WebAIM - Web Accessibility In Mind

Real-time Captioning

The Real-time Dilemma

Web multimedia is being used more and more to deliver real-time, live content over the Internet - from video conferencing, to VoIP (Voice-over-Internet Protocol), to live video streaming. Accessibility standards require that equivalent alternatives be provided for audio and visual content. For real-time web multimedia, this means that visual content must be provided in an auditory form and that auditory content must be provided in a visual form. The equivalents must also be synchronized with the presentation, meaning that they must be delivered to the end user at the same time as the main content (e.g., captions for audio must display at the same time that the audio would be heard).

Audio description

The alternative to visual content in standard web media often takes the form of audio descriptions, where visual content that is not also provided in the audio stream of the multimedia is described by a narrator or other person. Audio descriptions are very difficult to incorporate into real-time web broadcasts. As an alternative, you can simply ensure that any visual content is natively described in the audio. For instance, if there is a person speaking on the video, they could audibly describe any additional visual content that is displayed in the movie, thus removing the need for a secondary form of audio description. This is the only feasible way to make live web broadcasts that include visual information accessible to individuals who are blind or have low vision. If produced with this in mind, and if those involved in the video broadcast are aware of and provide these descriptions, then the multimedia will be accessible to these audiences.

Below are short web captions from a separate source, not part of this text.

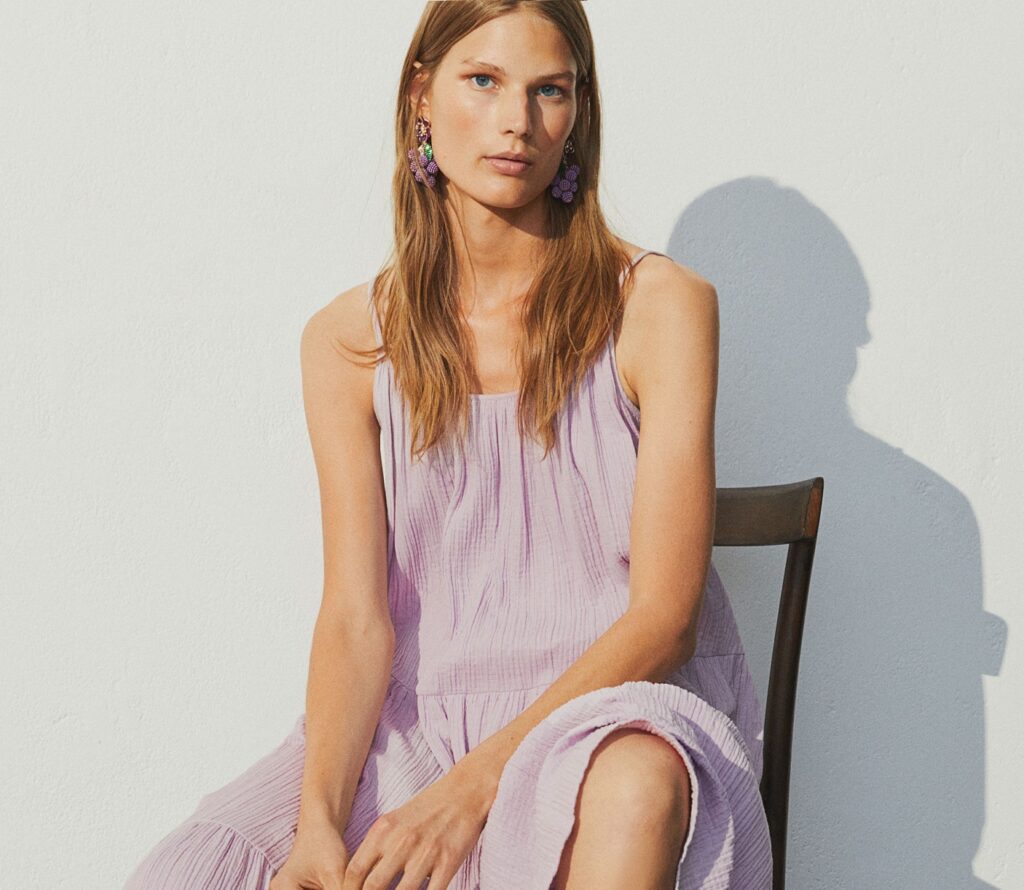 3 abiti lilla di H\u0026M per seguire la moda dell'estate 2020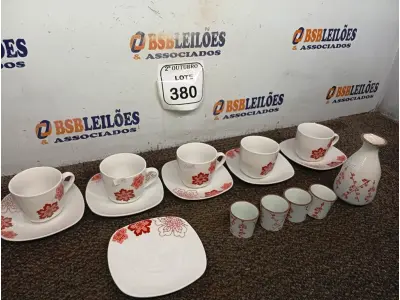 LOTE 380 - 01 JOGO DE 05 XICARAS COM PIRES E 01 KIT DE SAQUE. (NO ESTADO) ATENÇÃO! FAZER A VISITAÇÃO ANTES DE ARREMATAR, NÃO SABEMOS SE FUNCIONA. LEILÃO NÃO TEM GARANTIA E NEM DEVOLUÇÃO, SUJEITO A POSSÍVEIS AVARIAS VISÍVEIS/OCULTAS E/OU AUSÊNCIA DE COMPONENTES.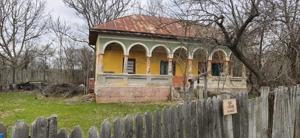 Casă de vânzare pe strada Olteniei în sat  Fauresti, comuna Făurești, județul Vâlcea la 23 km de Bal - imagine 3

The alternative to auditory content in standard web media is usually synchronized captions. Captions provide a textual equivalent of all audible information. The difficulties in generating real-time captions are:

  1. Audio information must be converted into text in real time.
  2. The text captions must be delivered to the end user so they are synchronized with the audio.

Generating Real-time Text

Converting audio information into text in real time is difficult. Unfortunately, few typists can type fast enough to transcribe the spoken word. Thus, there are two primary technologies used to do this.

Stenography/Real-time transcription

steno machineStenography involves having a trained transcriptionist (often called a stenographer or court reporter) that uses a special typewriter-like device called a steno machine to transcribe the spoken word to a text format in real-time. The steno machine has fewer keys (usually 22) than a typical keyboard. Rather than typing each letter, a stenographer hits key sequences on the steno machine to represent phonetic parts of words or phrases, or special codes representing words. Software then analyzes the phonetic information and forms words. Such technology allows a trained transcriptionist to generate text versions of audible conversation in real time.

Stenography allows the audible information to be converted to text in real time (well, perhaps a second or so after it is spoken). While accuracy levels are high, it is common to have words be incorrectly typed or interpreted by the steno software. Also, real-time transcription can be expensive, usually costing around $70-$120 USD per hour.

Voice recognition

While voice recognition offers great possibilities for real-time generation of captions, at this time, the technology is not yet at a level where it can be used to do so. In certain settings, such as when one person is speaking and is using voice recognition software that is well-trained, then voice recognition may be a viable option. Even in such settings, however, there are weaknesses, such as a lack of punctuation, poor accuracy, and inability for other speakers to be captioned.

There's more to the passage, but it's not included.